The 3-5 Ma (Pliocene) Purisima Formation, a marine sedimentary unit that is fossiliferous and interpreted to preserve marine shelf deposits, crops out at Capitola Beach as well as several other locations around Santa Cruz. The fact that it is close to many local schools and provides material for several type of geology lessons makes in an appealing place for class field trips. The hope is that these trips with teachers will catalyze the creation of lesson plans centered on Capitola Beach.

Sunday night proved to a be a successful reconnaissance mission. In addition to the thousands of fossilized mollusc shells, we also discovered a sixgill shark tooth (Hexanchus sp.) and many hundreds of whale bones scattered amongst sandstone pavement below the cliffs. I sent a photo of the most exciting of these to our friend Jorge Velez-Juarbe for clarification. He responded that it appears to be the maxillae and premaxillae of a delphinoid… very exciting stuff! On Monday night we were joined by a group of teachers including Laura Taylor, Gail Alaimo, Karen Schmidt, Jason Tovani, and Gary Bloom. We chatted a little bit about the potential of lessons dealing with topics such as fault displacement, depositional environment, live/dead assemblage comparisons, and others while stepping over an incredible abundance of fossil specimens encased in hard sandstone.

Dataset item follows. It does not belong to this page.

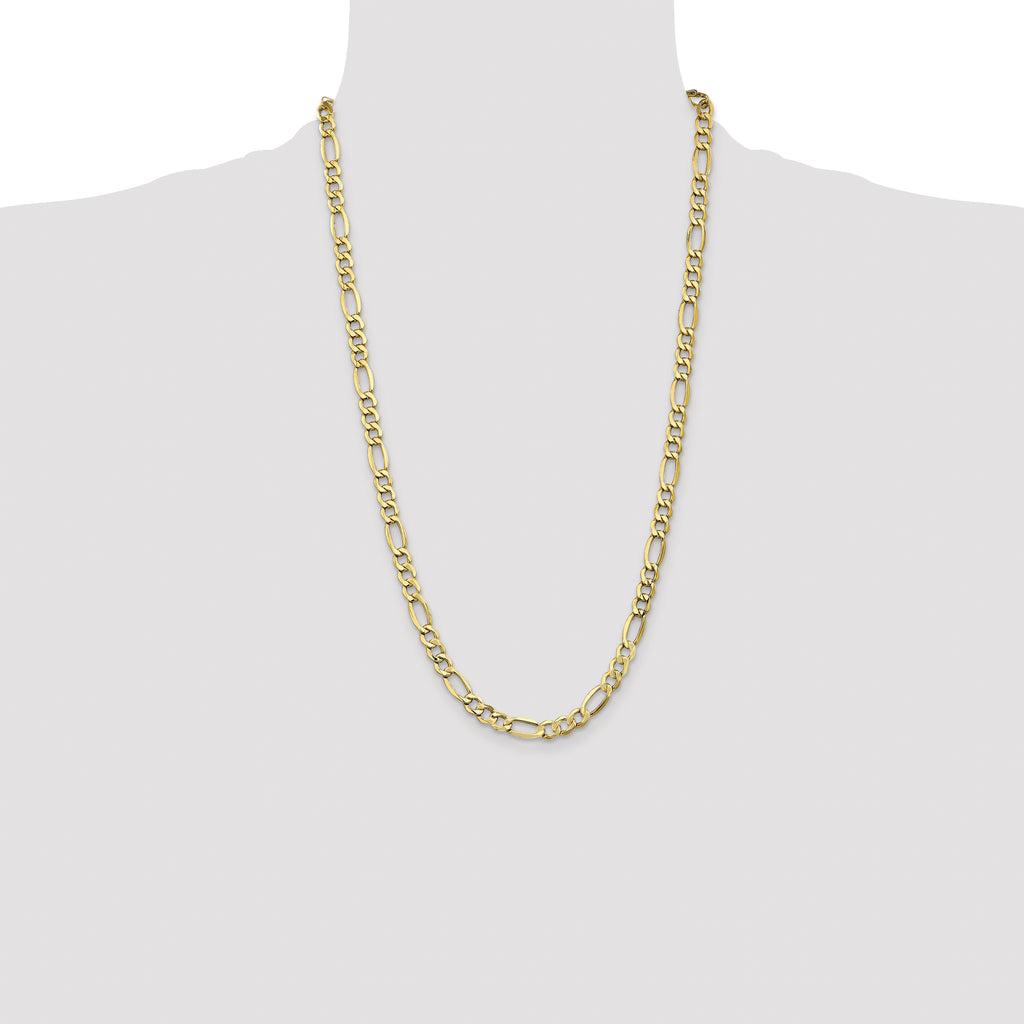 10k 7.3mm Semi-Solid Figaro Chain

During the Tuesday night trip Rob Hoffman joined us with his young daughter for a short and sweet tour of the site. Most exciting was the discovery of a symphyseal tooth from Hexanchus sp..

All in all, the three trips were highly successful in scouting out Capitola with the astounding beauty of Monterey Bay impossible to ignore. There is high potential for a wide range of future lesson plans. All of which can incorporate the benefits of teaching the local environment and getting students out of the classroom and into the field.